EXERCISE DETAILS: Only a slice of the listing below is wanted. Retype the lines from the one containing "Katharina II. 1762-1796." through the one containing "Patriotic Liberty Bear on Red Mug", exactly, both ends included.

EXTRACTED ENTRIES:
# # # # #
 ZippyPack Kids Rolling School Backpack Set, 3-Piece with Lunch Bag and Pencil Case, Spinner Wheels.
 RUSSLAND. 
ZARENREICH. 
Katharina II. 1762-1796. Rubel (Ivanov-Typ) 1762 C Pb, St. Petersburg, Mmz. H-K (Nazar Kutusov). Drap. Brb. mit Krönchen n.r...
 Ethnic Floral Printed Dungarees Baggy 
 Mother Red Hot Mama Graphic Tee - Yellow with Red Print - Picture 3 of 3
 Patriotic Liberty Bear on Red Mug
# # # # #
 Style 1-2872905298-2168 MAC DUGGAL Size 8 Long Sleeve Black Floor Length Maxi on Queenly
# # # # #
EXERCISE OUTPUT:
Katharina II. 1762-1796. Rubel (Ivanov-Typ) 1762 C Pb, St. Petersburg, Mmz. H-K (Nazar Kutusov). Drap. Brb. mit Krönchen n.r...
 Ethnic Floral Printed Dungarees Baggy 
 Mother Red Hot Mama Graphic Tee - Yellow with Red Print - Picture 3 of 3
 Patriotic Liberty Bear on Red Mug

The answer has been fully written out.